Eine der Hauptforderungen der Protestierenden ist eine Öffnung der Wählerregister. Das lehnt die Regierung bisher aber ab. Tatsächlich gibt es Berichte falscher Wahllisten sowie von Kopien ausgefüllter Stimmzettel. Politikwissenschaftler Dzihic kritisierte in der österreischien Zeitung Standard, dass Vučić „massenweise“ Menschen aus der Republik Srpska zu den Wahlbüros herankarren ließ, Wahllisten seien verfälscht worden. Und die regierende SNS, „mit 750.000 Mitgliedern eine der weltweit größten Parteien gemessen an der Bevölkerungszahl“, habe viele Wählerinnen und Wähler im Vorfeld mit Arbeitsplätzen und Geldzahlungen „gekauft“. Präsident Aleksandar Vučić, der selbst gar nicht zur Wahl stand, habe außerdem mehr als 90 Prozent der Berichterstattung für sich beanspruchen können.

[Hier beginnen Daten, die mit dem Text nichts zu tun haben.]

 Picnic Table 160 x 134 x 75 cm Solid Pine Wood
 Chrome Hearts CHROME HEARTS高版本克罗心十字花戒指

Die Studierenden wollen die Proteste auf ganz Serbien ausweiten, sollte die Regierung den Forderungen bis Mittwoch nicht nachkommen, wonach es derzeit nicht aussieht. Für den 30. Dezember ist schon eine Großdemo in Belgrad geplant. Vučić ging bisher nicht auf die Kritik ein. Vielmehr drehte er den Spieß um und warf der Opposition vor, die Wahl beeinflusst zu haben. Auch forderte er in seiner Jahresabschlussrede am 24. Dezember diejenigen Parlamentarier, die nun in die zweite Woche eines Hungerstreiks gehen, auf, diesen zu beenden.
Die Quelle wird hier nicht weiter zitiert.